» Data
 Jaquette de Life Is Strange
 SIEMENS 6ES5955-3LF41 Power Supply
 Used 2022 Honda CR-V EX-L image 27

» How to complete this task
Quote the material exactly, leaving nothing out.

» Result of the task
 Jaquette de Life Is Strange
 SIEMENS 6ES5955-3LF41 Power Supply
 Used 2022 Honda CR-V EX-L image 27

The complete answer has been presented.